DATA PROVIDED
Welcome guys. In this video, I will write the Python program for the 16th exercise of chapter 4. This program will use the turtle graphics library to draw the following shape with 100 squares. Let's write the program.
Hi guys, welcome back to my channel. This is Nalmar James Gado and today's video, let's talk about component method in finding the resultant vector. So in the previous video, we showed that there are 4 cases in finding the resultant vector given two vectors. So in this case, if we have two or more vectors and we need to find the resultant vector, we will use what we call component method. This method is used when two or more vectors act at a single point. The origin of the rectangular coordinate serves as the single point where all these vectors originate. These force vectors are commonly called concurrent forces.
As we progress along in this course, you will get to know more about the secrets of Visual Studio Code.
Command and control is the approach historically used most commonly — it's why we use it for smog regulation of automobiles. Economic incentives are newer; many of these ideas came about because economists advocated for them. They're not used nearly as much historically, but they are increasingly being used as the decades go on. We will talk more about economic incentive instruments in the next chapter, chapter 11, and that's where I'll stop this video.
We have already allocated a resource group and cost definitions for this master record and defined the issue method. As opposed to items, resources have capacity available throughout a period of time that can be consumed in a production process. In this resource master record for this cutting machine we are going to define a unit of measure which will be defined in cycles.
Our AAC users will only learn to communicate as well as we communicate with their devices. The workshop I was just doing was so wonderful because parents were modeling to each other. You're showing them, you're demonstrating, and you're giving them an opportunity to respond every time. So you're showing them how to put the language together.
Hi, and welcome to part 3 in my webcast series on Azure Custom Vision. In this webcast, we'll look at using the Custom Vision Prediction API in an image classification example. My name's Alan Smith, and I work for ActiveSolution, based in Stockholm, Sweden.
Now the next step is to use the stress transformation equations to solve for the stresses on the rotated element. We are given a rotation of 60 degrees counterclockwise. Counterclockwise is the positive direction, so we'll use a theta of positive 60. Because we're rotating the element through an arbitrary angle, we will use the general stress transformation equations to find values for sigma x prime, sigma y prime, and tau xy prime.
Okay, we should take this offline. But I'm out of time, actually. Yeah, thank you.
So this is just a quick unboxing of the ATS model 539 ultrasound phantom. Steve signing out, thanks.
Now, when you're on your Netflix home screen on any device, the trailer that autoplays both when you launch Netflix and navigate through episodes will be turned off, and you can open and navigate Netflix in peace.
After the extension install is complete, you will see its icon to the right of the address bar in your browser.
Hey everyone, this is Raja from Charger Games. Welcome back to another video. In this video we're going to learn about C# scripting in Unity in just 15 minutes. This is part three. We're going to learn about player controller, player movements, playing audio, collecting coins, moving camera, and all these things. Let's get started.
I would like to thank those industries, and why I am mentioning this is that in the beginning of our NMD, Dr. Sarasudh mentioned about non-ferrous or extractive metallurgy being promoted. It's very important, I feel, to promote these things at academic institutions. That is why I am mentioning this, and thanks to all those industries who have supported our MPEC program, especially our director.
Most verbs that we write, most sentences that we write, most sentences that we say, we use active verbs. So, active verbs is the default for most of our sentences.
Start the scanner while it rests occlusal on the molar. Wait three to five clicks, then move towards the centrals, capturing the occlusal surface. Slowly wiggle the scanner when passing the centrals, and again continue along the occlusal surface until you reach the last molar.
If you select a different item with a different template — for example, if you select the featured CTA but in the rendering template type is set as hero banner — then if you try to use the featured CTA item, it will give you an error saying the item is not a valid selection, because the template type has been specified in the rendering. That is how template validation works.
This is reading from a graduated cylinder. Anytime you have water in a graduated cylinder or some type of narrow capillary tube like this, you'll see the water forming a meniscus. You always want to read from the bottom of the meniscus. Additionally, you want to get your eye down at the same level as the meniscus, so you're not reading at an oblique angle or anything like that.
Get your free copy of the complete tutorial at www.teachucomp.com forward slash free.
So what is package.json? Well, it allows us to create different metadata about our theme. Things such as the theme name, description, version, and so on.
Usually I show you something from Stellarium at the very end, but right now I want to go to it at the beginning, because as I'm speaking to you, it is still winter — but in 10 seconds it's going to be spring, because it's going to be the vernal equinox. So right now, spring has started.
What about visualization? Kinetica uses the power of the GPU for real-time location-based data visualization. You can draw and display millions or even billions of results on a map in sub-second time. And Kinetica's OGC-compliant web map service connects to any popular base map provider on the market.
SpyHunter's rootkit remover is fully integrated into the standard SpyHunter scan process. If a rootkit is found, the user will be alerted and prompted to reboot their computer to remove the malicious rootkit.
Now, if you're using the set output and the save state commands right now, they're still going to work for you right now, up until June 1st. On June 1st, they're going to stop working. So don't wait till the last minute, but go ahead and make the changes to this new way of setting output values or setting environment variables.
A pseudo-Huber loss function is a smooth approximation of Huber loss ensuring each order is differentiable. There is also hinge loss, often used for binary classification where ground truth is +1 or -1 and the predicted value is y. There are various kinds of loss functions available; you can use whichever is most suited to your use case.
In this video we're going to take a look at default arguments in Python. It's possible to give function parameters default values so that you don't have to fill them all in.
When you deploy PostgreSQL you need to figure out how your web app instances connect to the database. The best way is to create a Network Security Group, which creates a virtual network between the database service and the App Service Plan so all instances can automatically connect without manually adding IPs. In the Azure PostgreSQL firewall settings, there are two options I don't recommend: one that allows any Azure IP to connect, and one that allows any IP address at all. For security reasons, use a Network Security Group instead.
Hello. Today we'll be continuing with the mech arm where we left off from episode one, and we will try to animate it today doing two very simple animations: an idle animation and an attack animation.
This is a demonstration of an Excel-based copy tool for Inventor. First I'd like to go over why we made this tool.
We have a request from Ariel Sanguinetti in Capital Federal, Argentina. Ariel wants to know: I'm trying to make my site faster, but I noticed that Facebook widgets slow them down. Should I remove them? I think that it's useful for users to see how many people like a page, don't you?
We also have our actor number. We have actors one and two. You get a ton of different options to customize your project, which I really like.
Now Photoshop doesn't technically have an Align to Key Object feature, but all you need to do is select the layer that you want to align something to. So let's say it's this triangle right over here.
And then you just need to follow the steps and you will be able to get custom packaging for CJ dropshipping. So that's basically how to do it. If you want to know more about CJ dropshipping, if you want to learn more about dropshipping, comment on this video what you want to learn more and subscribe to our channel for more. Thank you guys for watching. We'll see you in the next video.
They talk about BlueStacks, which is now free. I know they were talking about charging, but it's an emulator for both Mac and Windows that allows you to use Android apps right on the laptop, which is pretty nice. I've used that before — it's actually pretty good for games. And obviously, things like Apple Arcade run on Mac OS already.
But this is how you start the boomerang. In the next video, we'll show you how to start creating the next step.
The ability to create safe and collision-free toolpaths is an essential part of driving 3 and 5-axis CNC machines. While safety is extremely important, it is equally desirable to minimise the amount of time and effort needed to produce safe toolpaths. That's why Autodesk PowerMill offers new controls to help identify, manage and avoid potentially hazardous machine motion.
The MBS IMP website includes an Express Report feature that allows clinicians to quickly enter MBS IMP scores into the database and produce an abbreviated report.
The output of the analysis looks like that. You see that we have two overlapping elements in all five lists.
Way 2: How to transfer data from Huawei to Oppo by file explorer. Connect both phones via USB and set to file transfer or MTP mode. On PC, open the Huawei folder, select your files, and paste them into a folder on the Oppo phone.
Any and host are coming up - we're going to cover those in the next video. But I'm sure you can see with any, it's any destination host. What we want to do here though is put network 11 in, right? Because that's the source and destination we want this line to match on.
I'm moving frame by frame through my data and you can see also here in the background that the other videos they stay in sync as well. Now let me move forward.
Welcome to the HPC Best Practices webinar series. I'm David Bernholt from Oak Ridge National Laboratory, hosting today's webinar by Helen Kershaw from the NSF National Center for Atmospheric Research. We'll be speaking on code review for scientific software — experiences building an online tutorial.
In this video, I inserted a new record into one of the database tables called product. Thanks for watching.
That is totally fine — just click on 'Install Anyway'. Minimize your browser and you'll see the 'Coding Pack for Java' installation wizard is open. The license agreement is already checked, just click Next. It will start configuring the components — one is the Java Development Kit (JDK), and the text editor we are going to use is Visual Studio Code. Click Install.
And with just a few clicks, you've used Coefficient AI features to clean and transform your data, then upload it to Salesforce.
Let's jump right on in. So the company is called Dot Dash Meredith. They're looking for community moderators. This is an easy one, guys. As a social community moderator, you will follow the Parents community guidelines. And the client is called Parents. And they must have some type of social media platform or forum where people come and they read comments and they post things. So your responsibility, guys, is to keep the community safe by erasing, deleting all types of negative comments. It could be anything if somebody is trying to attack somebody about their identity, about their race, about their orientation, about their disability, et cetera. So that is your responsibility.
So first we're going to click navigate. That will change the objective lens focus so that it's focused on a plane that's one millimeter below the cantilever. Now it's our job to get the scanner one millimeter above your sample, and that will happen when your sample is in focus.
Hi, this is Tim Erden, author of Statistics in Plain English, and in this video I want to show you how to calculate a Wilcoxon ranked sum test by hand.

REQUIRED ACTION
All lines in the listing above that contain "free" should be shown.

RESULT OF THE EXERCISE
Get your free copy of the complete tutorial at www.teachucomp.com forward slash free.
They talk about BlueStacks, which is now free. I know they were talking about charging, but it's an emulator for both Mac and Windows that allows you to use Android apps right on the laptop, which is pretty nice. I've used that before — it's actually pretty good for games. And obviously, things like Apple Arcade run on Mac OS already.
The ability to create safe and collision-free toolpaths is an essential part of driving 3 and 5-axis CNC machines. While safety is extremely important, it is equally desirable to minimise the amount of time and effort needed to produce safe toolpaths. That's why Autodesk PowerMill offers new controls to help identify, manage and avoid potentially hazardous machine motion.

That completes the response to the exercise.